BRIEF | Each line below needs to be returned exactly. Skip any picture.

Web page caption snippets |
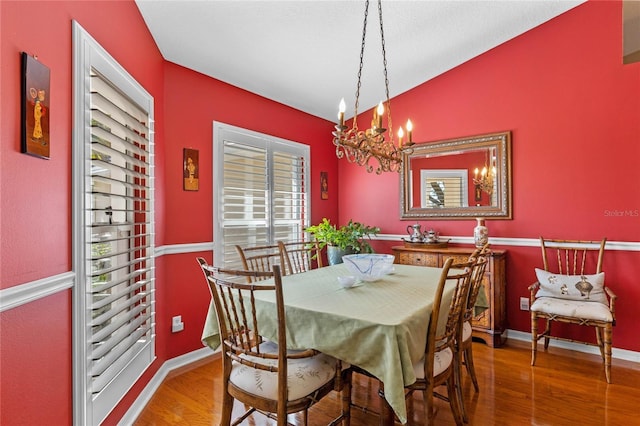 dining space with lofted ceiling, hardwood / wood-style floors, and a notable chandelier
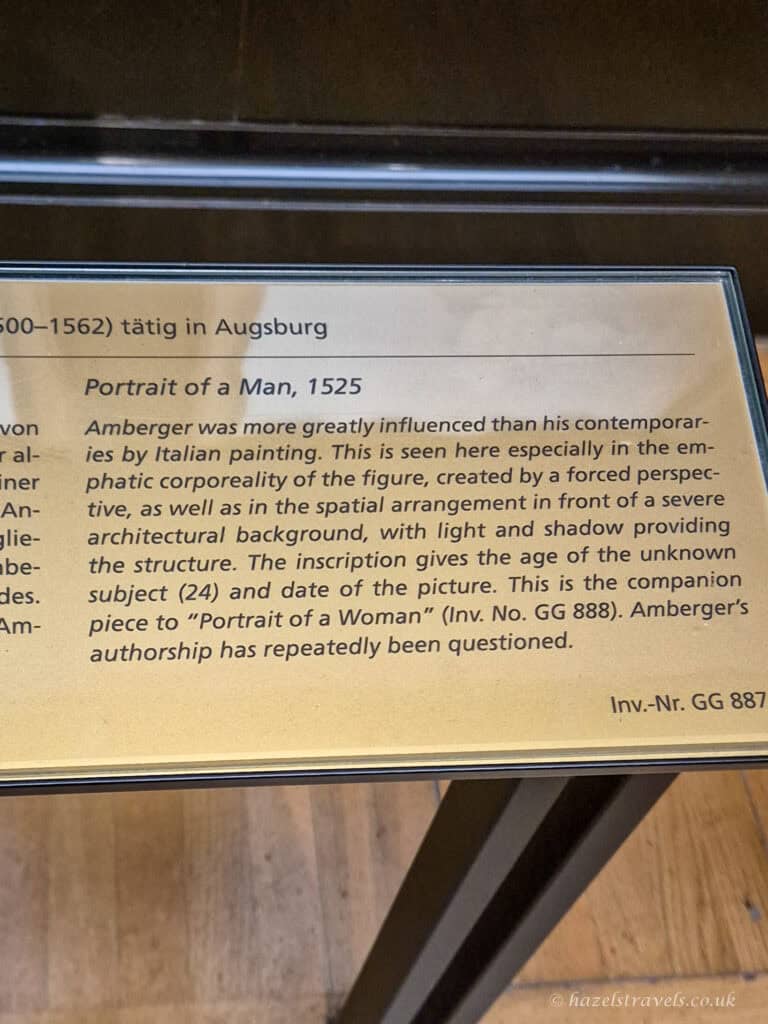 Museum information plaque for “Portrait of a Man” (1525) attributed to Amberger, noting it as the companion to “Portrait of a Woman”.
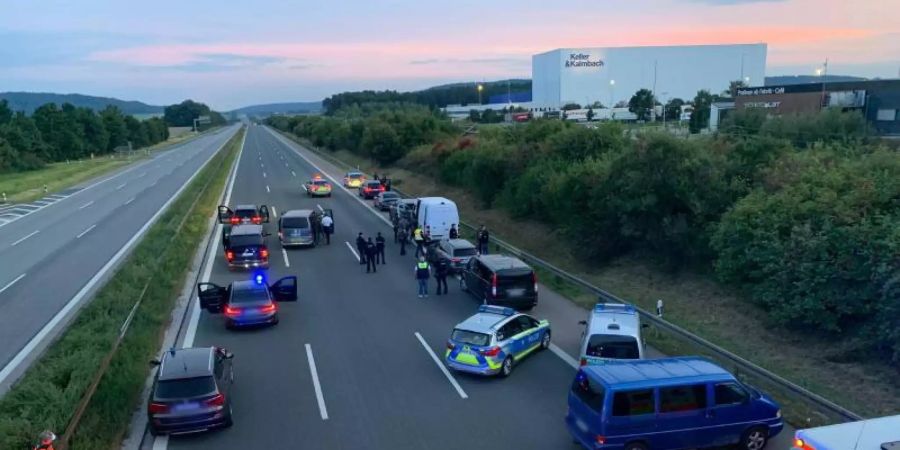 Polizisten und Helfer stehen mit ihren Fahrzeugen auf der Autobahn 9. Foto: Ralph Goppelt/Vifogra/dpa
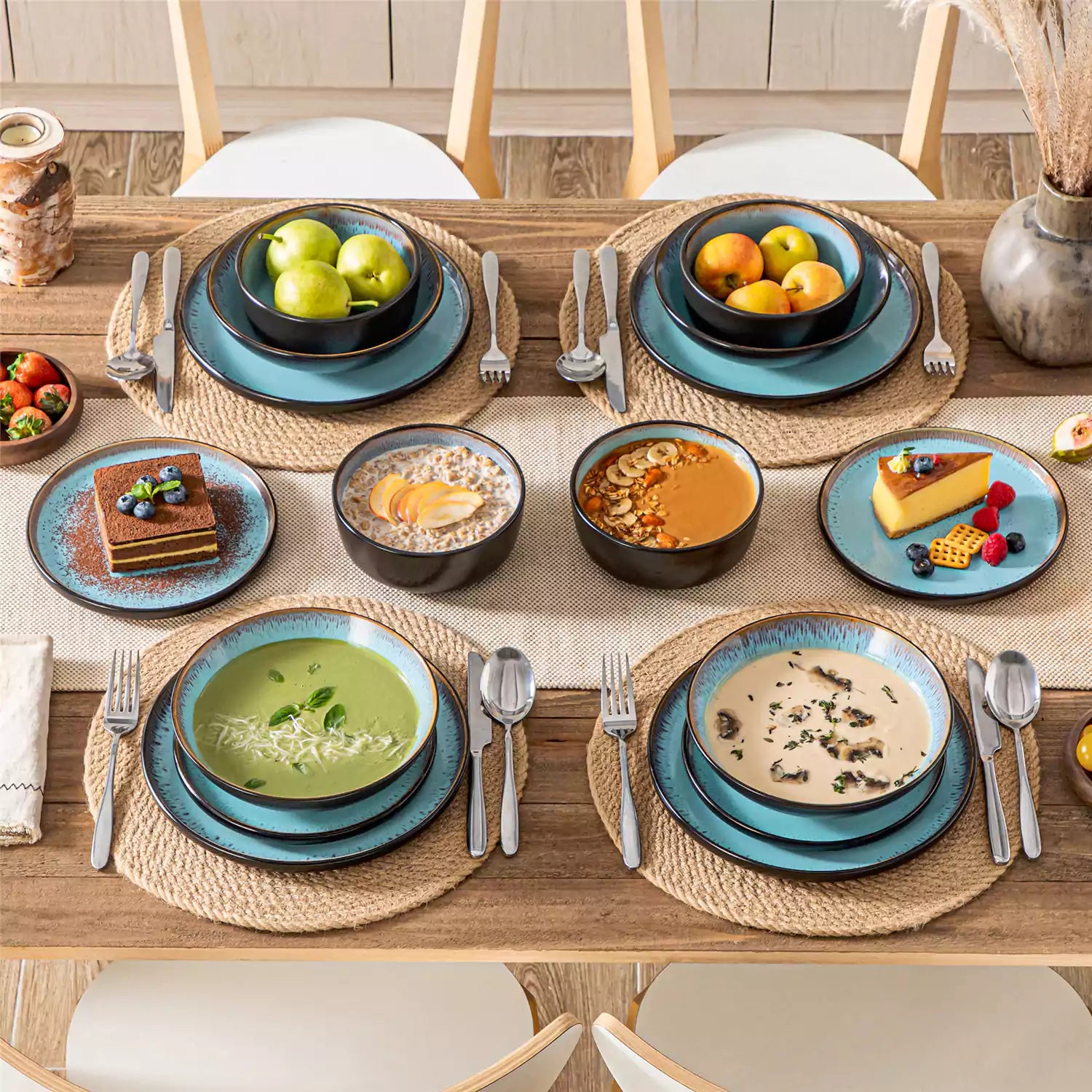 Assorted dishes with soup - dessert - and fruit salad on rustic wooden table - Amber 16-Piece blue stoneware dinnerware set with plates and bowls by vancasso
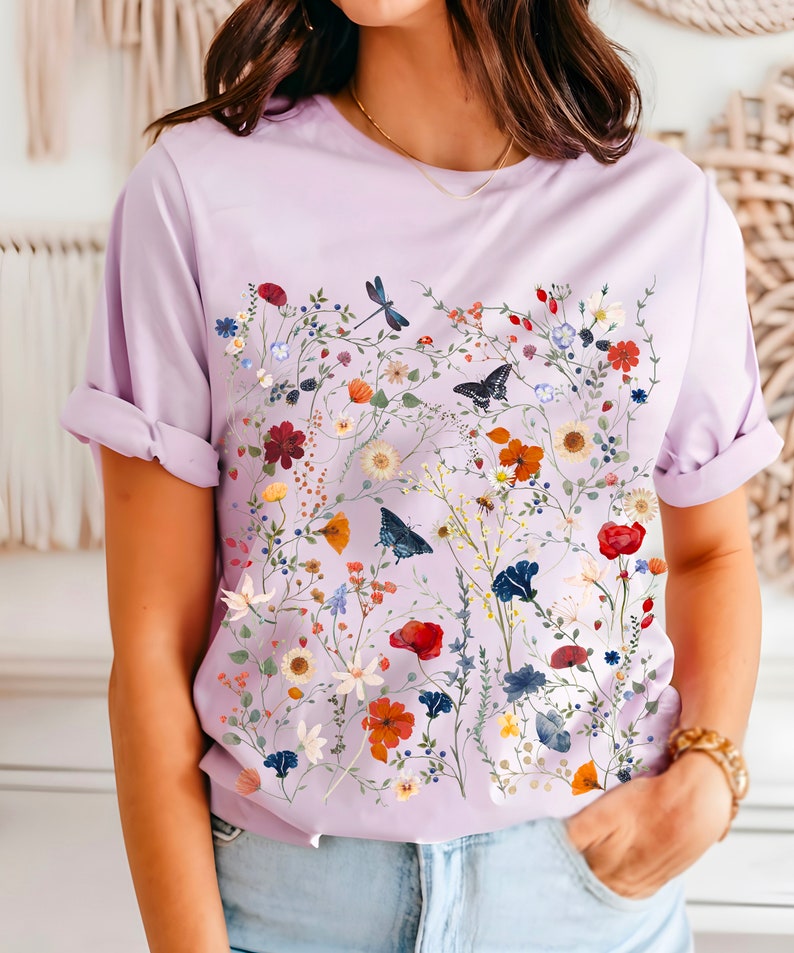 May include: A lavender t-shirt with a floral print featuring a variety of flowers, leaves, and butterflies. The print is in shades of red, orange, yellow, blue, and green.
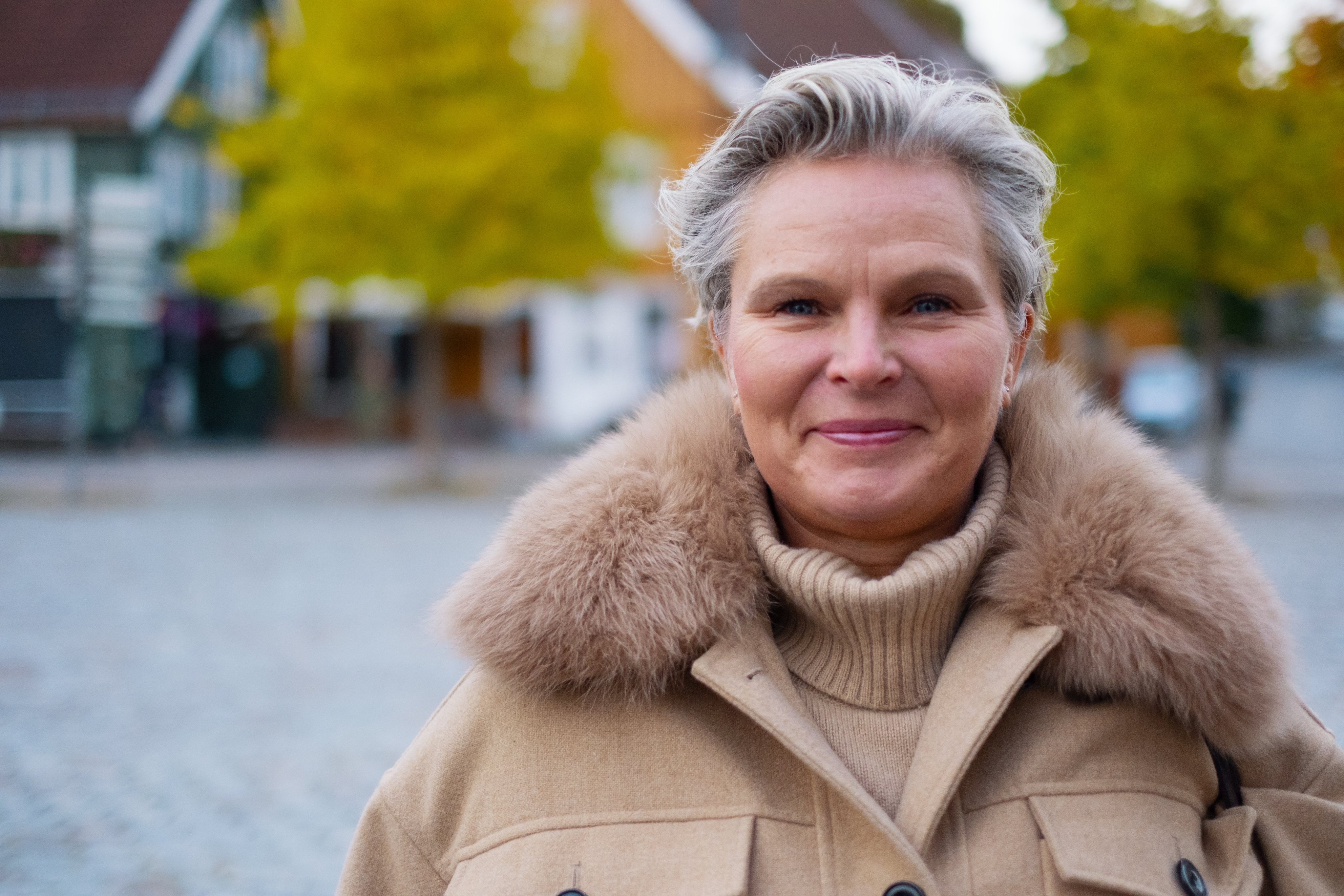 En kvinnelig ansatt smiler til kamera utendørs.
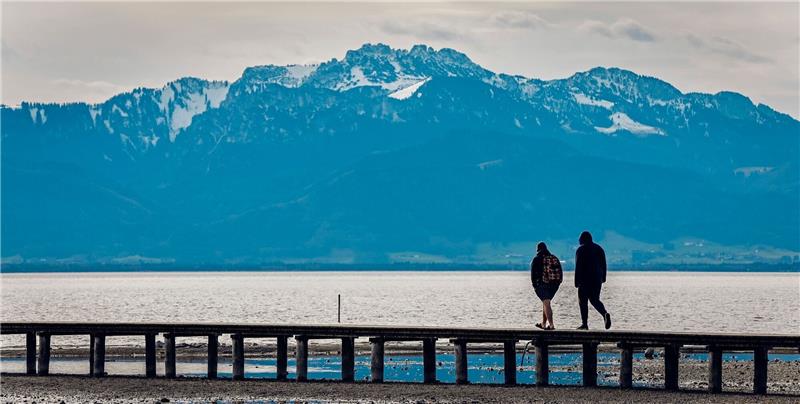 Wintereinbruch zum Wochenstart erwartet Zwei Männer gehen bei frühlingshaften Temperaturen vor der fast schneefreien Kulisse der Kampenwand in den Chiemgauer Bergen über einen Steg im Chiemsee.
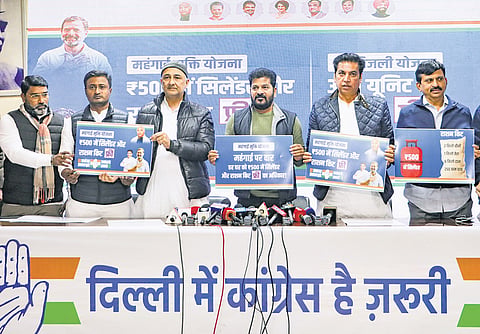 Chief Minister A Revanth Reddy, along with AICC Delhi in-charge Qazi Nizamuddin, Delhi Congress President Devender Yadav and other leaders, unveils the Congress’ promises during a press conference in New Delhi 
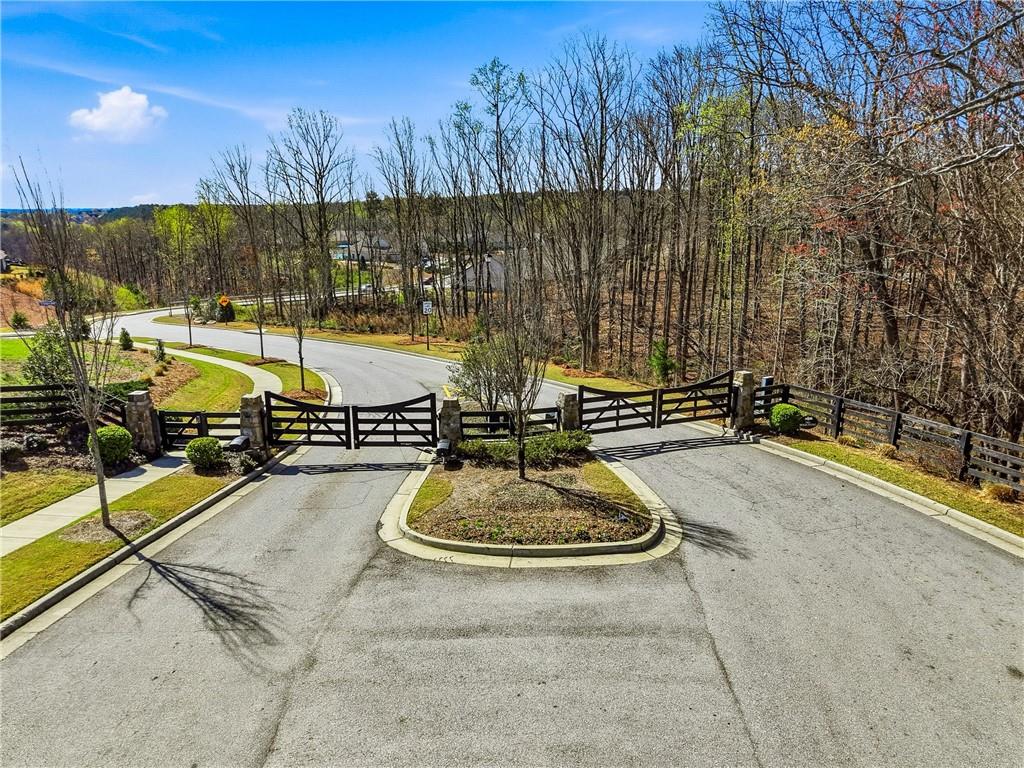 6742 Welcome Road Flowery Branch, GA 30542 - Photo 48 of 48 a view of swimming pool with chairs
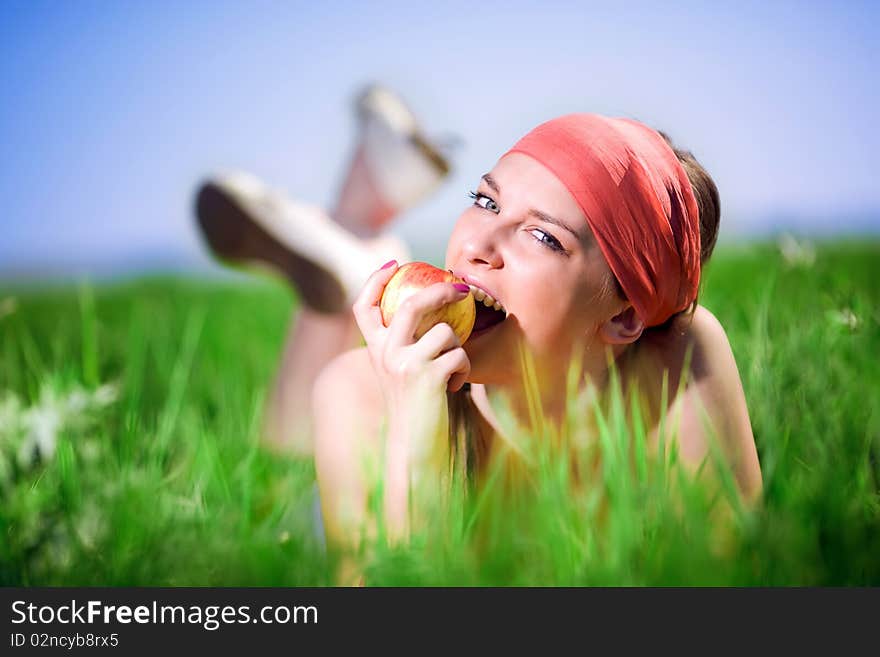 Nice girl in kerchief with apple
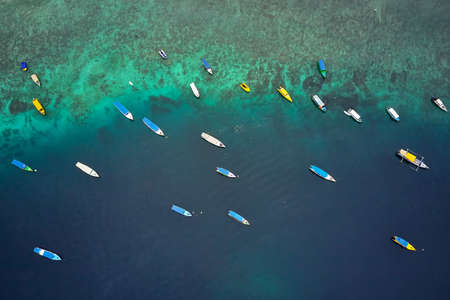 Top view at fishing boats in tropical sea in Indonesiaの写真素材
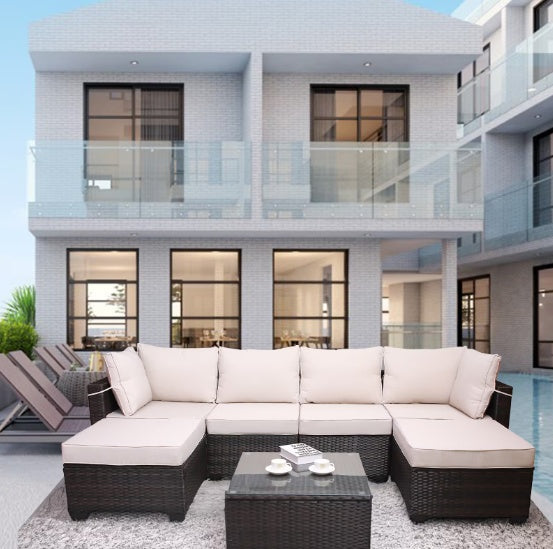 Outdoor sofa patio furniture with beige cushions and dark wicker frame set on modern patio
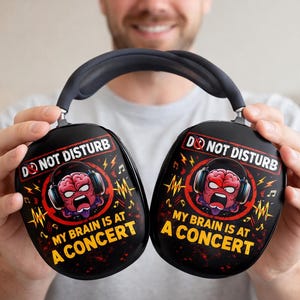 May include: Black headphones with the text "DO NOT DISTURB" and "MY BRAIN IS AT A CONCERT". The design features a cartoon brain wearing headphones, surrounded by musical notes and lightning bolts.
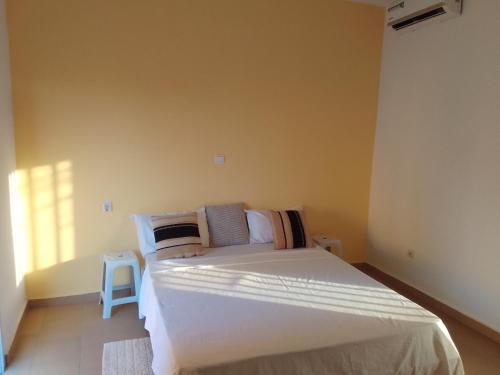 ein Schlafzimmer mit einem großen weißen Bett und einem Stuhl in der Unterkunft Hôtel Colibri in Niaga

WRITTEN RESPONSE |
 dining space with lofted ceiling, hardwood / wood-style floors, and a notable chandelier
 Museum information plaque for “Portrait of a Man” (1525) attributed to Amberger, noting it as the companion to “Portrait of a Woman”.
 Polizisten und Helfer stehen mit ihren Fahrzeugen auf der Autobahn 9. Foto: Ralph Goppelt/Vifogra/dpa
 Assorted dishes with soup - dessert - and fruit salad on rustic wooden table - Amber 16-Piece blue stoneware dinnerware set with plates and bowls by vancasso
 May include: A lavender t-shirt with a floral print featuring a variety of flowers, leaves, and butterflies. The print is in shades of red, orange, yellow, blue, and green.
 En kvinnelig ansatt smiler til kamera utendørs.
 Wintereinbruch zum Wochenstart erwartet Zwei Männer gehen bei frühlingshaften Temperaturen vor der fast schneefreien Kulisse der Kampenwand in den Chiemgauer Bergen über einen Steg im Chiemsee.
 Chief Minister A Revanth Reddy, along with AICC Delhi in-charge Qazi Nizamuddin, Delhi Congress President Devender Yadav and other leaders, unveils the Congress’ promises during a press conference in New Delhi 
 6742 Welcome Road Flowery Branch, GA 30542 - Photo 48 of 48 a view of swimming pool with chairs
 Nice girl in kerchief with apple
 Top view at fishing boats in tropical sea in Indonesiaの写真素材
 Outdoor sofa patio furniture with beige cushions and dark wicker frame set on modern patio
 May include: Black headphones with the text "DO NOT DISTURB" and "MY BRAIN IS AT A CONCERT". The design features a cartoon brain wearing headphones, surrounded by musical notes and lightning bolts.
 ein Schlafzimmer mit einem großen weißen Bett und einem Stuhl in der Unterkunft Hôtel Colibri in Niaga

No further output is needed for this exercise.